[Stored items from a collection]
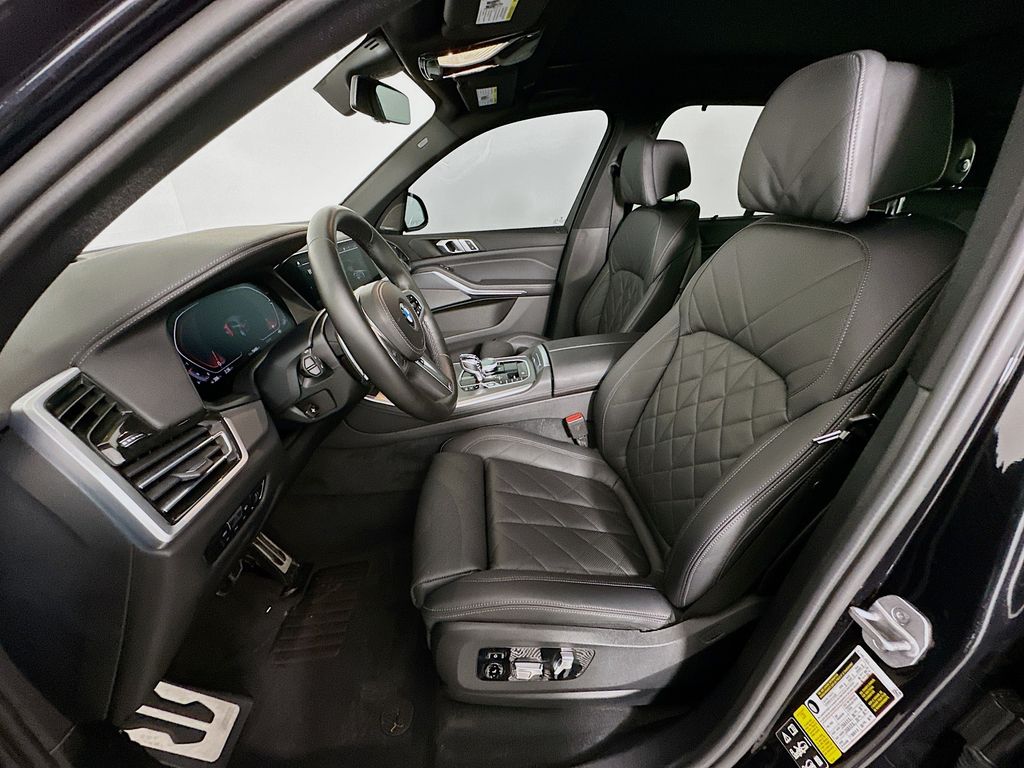 Thumbnail: 2023 BMW X5 - 22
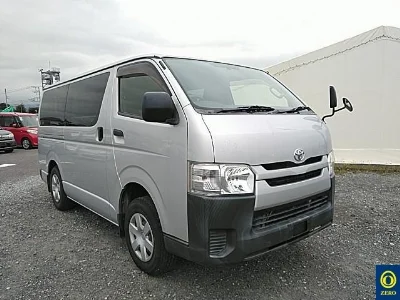 TOYOTA REGIUS VAN
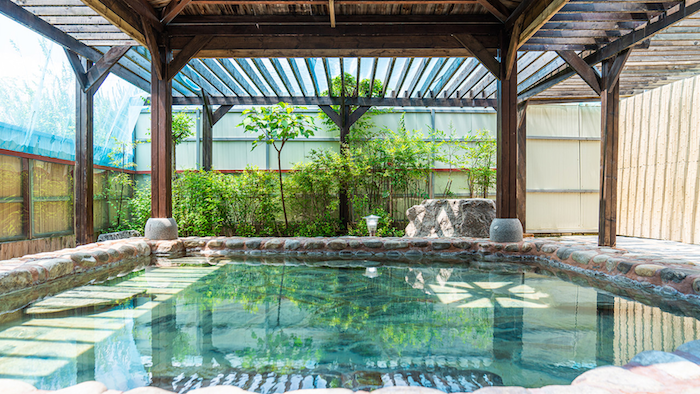 뜨끈한 온천 여행지 찾고 있다면? 국내 온천·스파·찜질방 명소 6곳 추천 ♨️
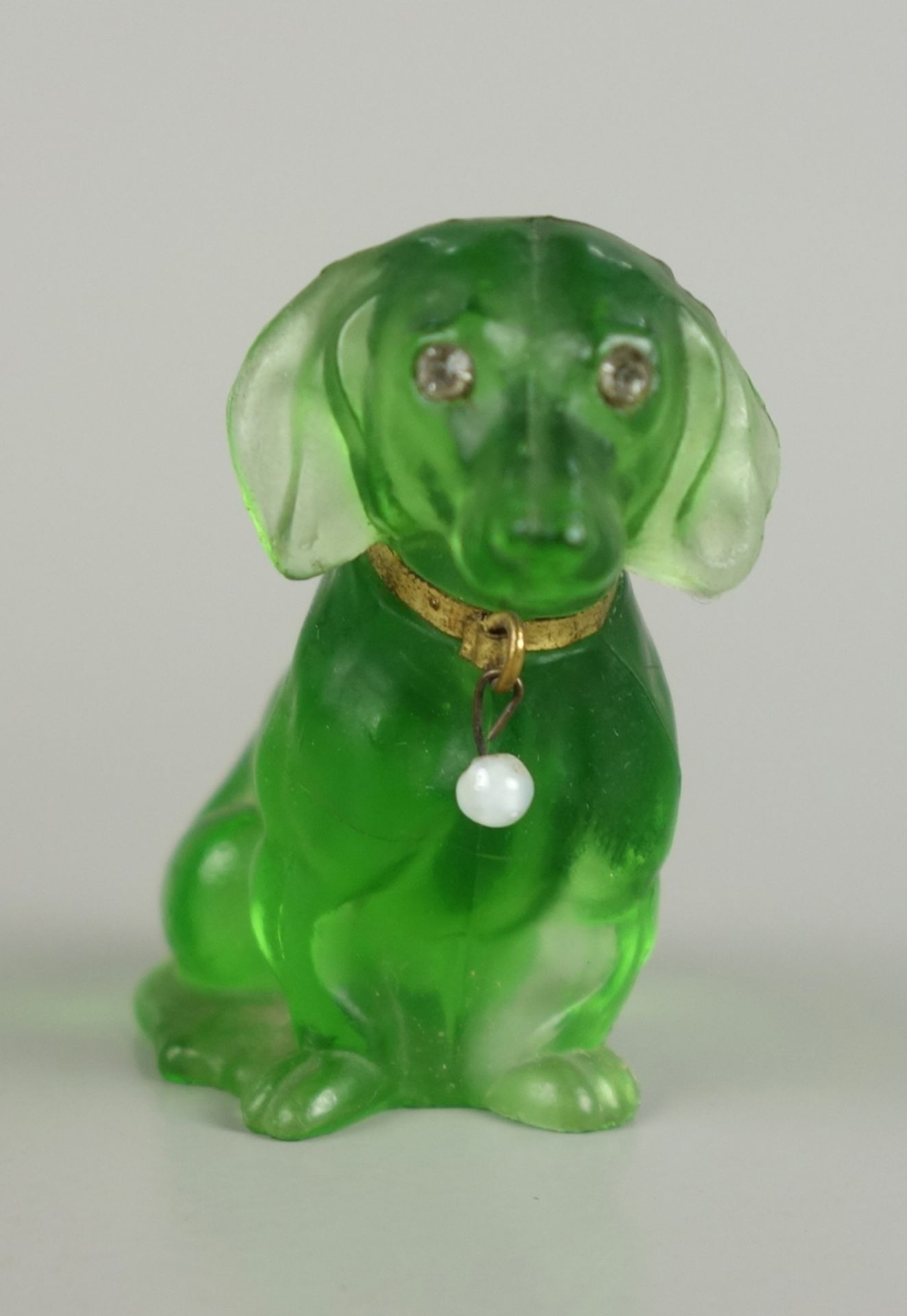 Green glass dachshund, Art Deco, Bohemia, c.1920, h.4,8cm - Image 3 of 3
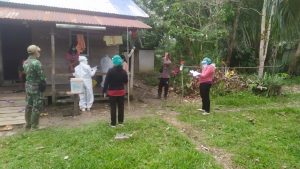 Koramil 13/Belitang Hulu Bersama Tim Lakukan Tracking Swab Antigen Terkofirmasi Covid-19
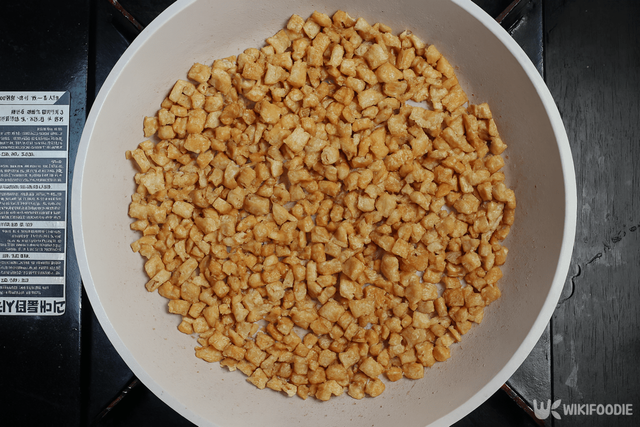 유부를 볶는&nbsp; 자료 사진. / 위키푸디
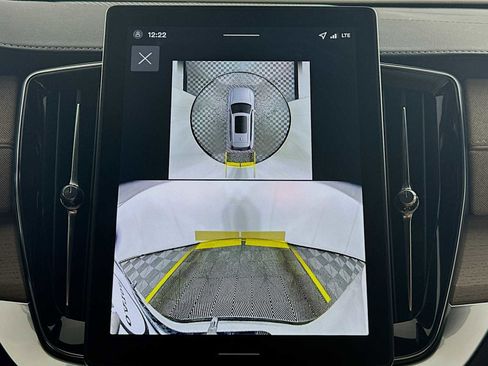 New 2026 Volvo XC90 B5 Plus image 14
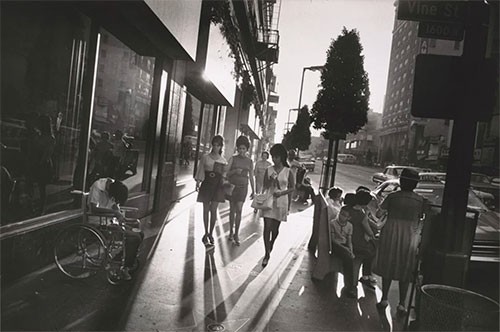 fotografia Garry Winogrand tre ragazze uomo carrozzina Los Angeles California, 1969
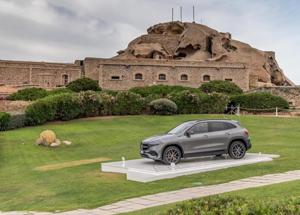Mercedes partnership con Phi Beach
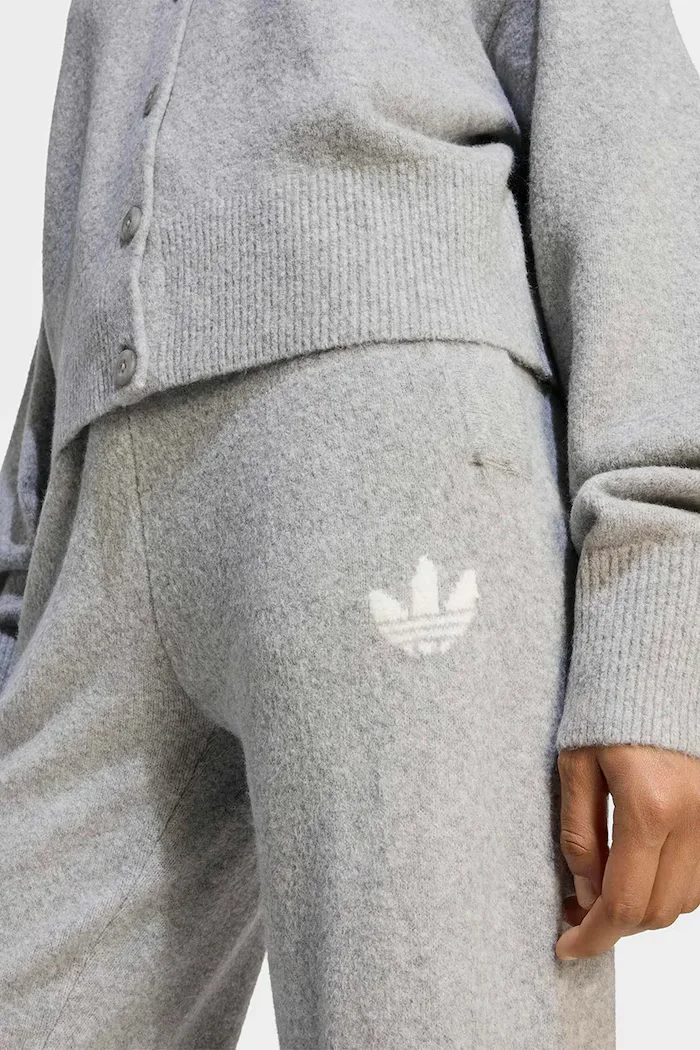 adidas Originals спортен панталон дамски Essentials Knit сив със стандартна талия IA4439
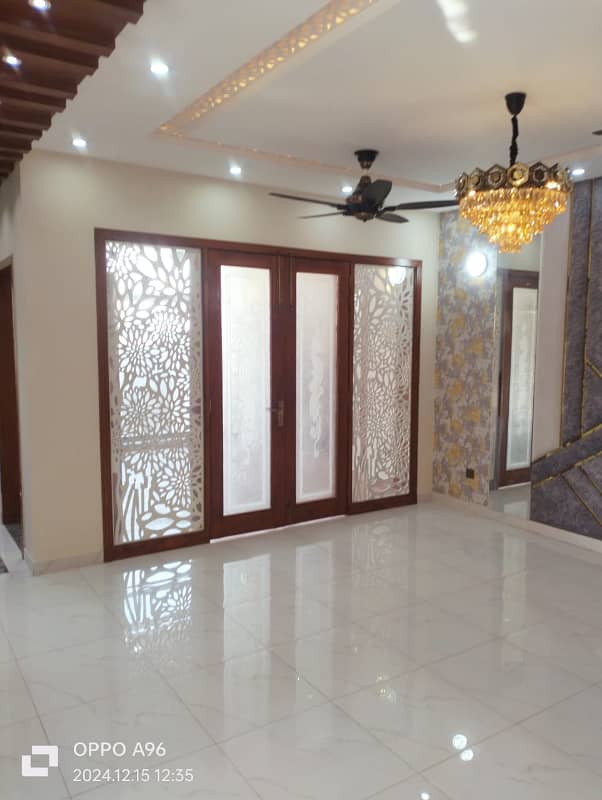 "Central Park, Block A | 10 Marla Brand New Luxury Home In VIP Lane " 6
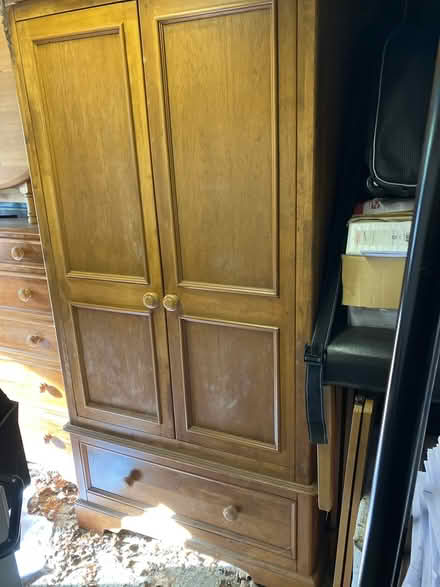 Photo of free Double wardrobe with single drawer (Doddinghurst) #1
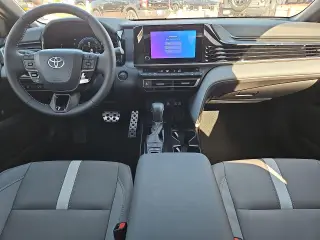 Toyota Camry 2026 SE 4dr Sedán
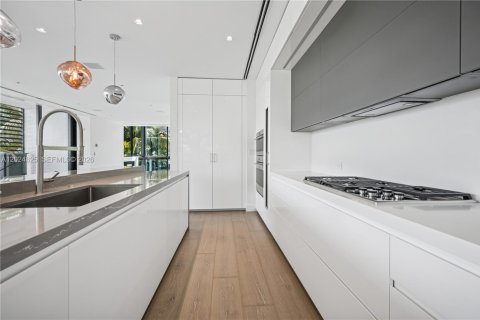House in Miami Beach, Florida 5 bedrooms, 524.15 sq.m. № 2257357 - photo 10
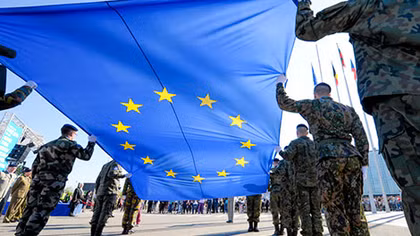 Thượng đỉnh Nga - Mỹ: EU và NATO như “ngồi trên đống lửa”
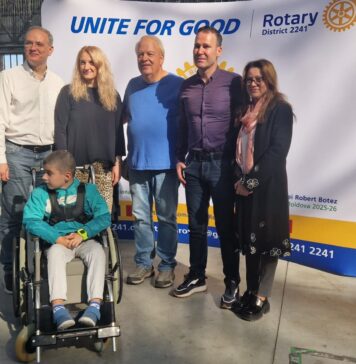 Peste 20 de copii cu dizabilități din Sectorul 3 au primit scaune rulante personalizate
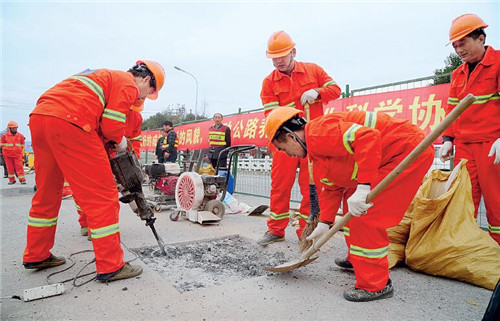 77 “十三五”期间，农村公路的养护工程资金将超过3000 亿元。视觉中国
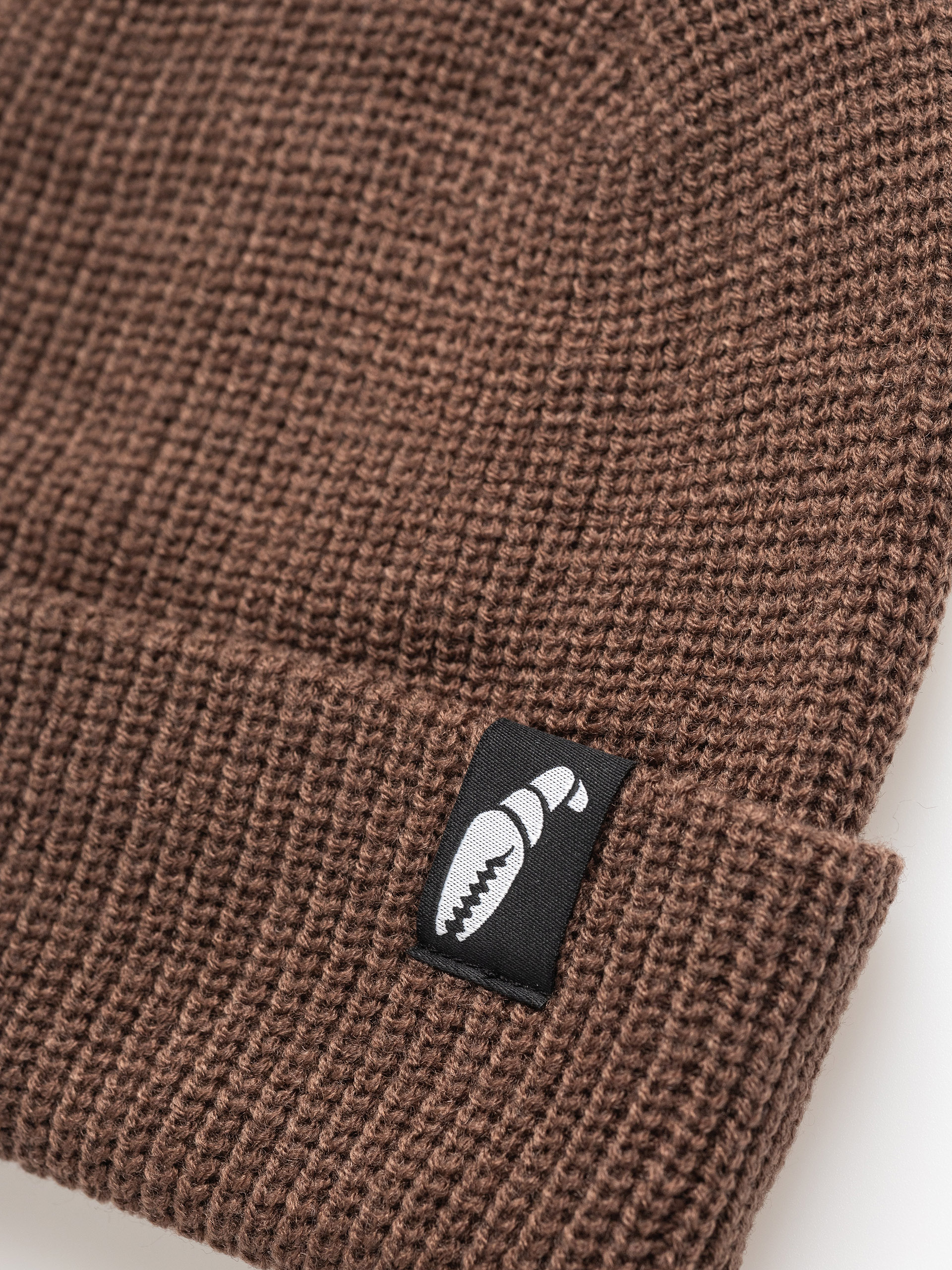 Crab Grab Claw Label Beanie (brown)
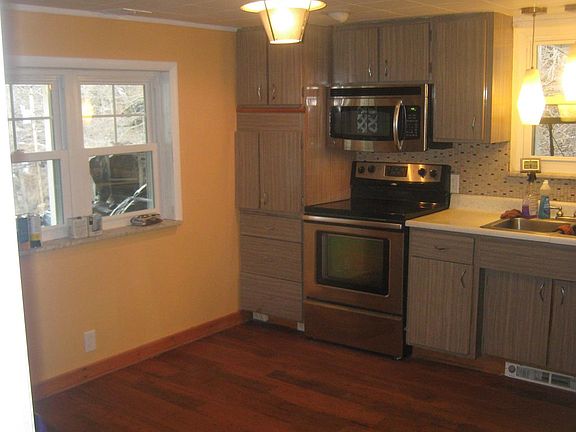 alternate view of the kitchen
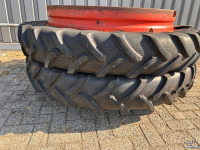 Wielen, Banden, Velgen & Afstandsringen  11.2R48 8 gats velgen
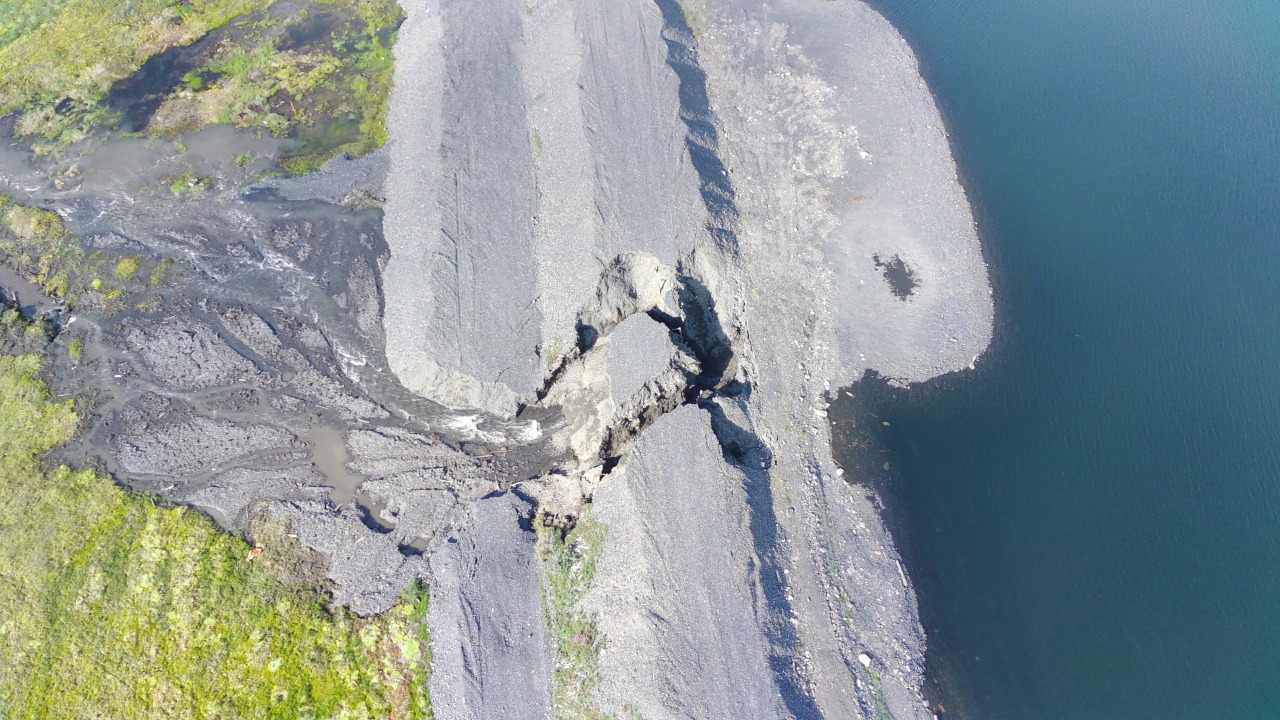Плотину водохранилища восстанавливают в якутском поселке Тикси после прорыва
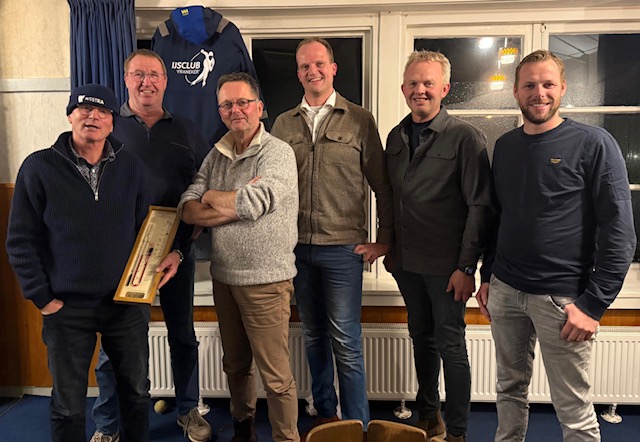 Afscheid van Mathijs Westra als voorzitter van de IJsclub Franeker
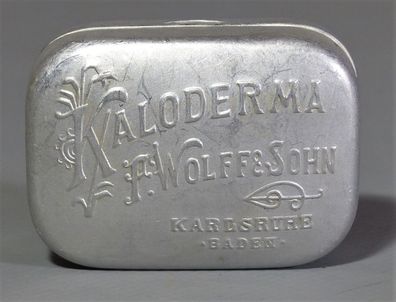 Kaloderma Blechdose F. Wolff&Sohn Karlsruhe Baden Reise-Seife Pharma antik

TASK REQUIREMENTS: Reproduce each entry exactly as given; no pictures, please.

WRITTEN ANSWER:
 Thumbnail: 2023 BMW X5 - 22
 TOYOTA REGIUS VAN
 뜨끈한 온천 여행지 찾고 있다면? 국내 온천·스파·찜질방 명소 6곳 추천 ♨️
 Green glass dachshund, Art Deco, Bohemia, c.1920, h.4,8cm - Image 3 of 3
 Koramil 13/Belitang Hulu Bersama Tim Lakukan Tracking Swab Antigen Terkofirmasi Covid-19
 유부를 볶는&nbsp; 자료 사진. / 위키푸디
 New 2026 Volvo XC90 B5 Plus image 14
 fotografia Garry Winogrand tre ragazze uomo carrozzina Los Angeles California, 1969
Mercedes partnership con Phi Beach
 adidas Originals спортен панталон дамски Essentials Knit сив със стандартна талия IA4439
 "Central Park, Block A | 10 Marla Brand New Luxury Home In VIP Lane " 6
 Photo of free Double wardrobe with single drawer (Doddinghurst) #1
 Toyota Camry 2026 SE 4dr Sedán
House in Miami Beach, Florida 5 bedrooms, 524.15 sq.m. № 2257357 - photo 10
 Thượng đỉnh Nga - Mỹ: EU và NATO như “ngồi trên đống lửa”
 Peste 20 de copii cu dizabilități din Sectorul 3 au primit scaune rulante personalizate
 77 “十三五”期间，农村公路的养护工程资金将超过3000 亿元。视觉中国
 Crab Grab Claw Label Beanie (brown)
 alternate view of the kitchen
 Wielen, Banden, Velgen & Afstandsringen  11.2R48 8 gats velgen
Плотину водохранилища восстанавливают в якутском поселке Тикси после прорыва
 Afscheid van Mathijs Westra als voorzitter van de IJsclub Franeker
 Kaloderma Blechdose F. Wolff&Sohn Karlsruhe Baden Reise-Seife Pharma antik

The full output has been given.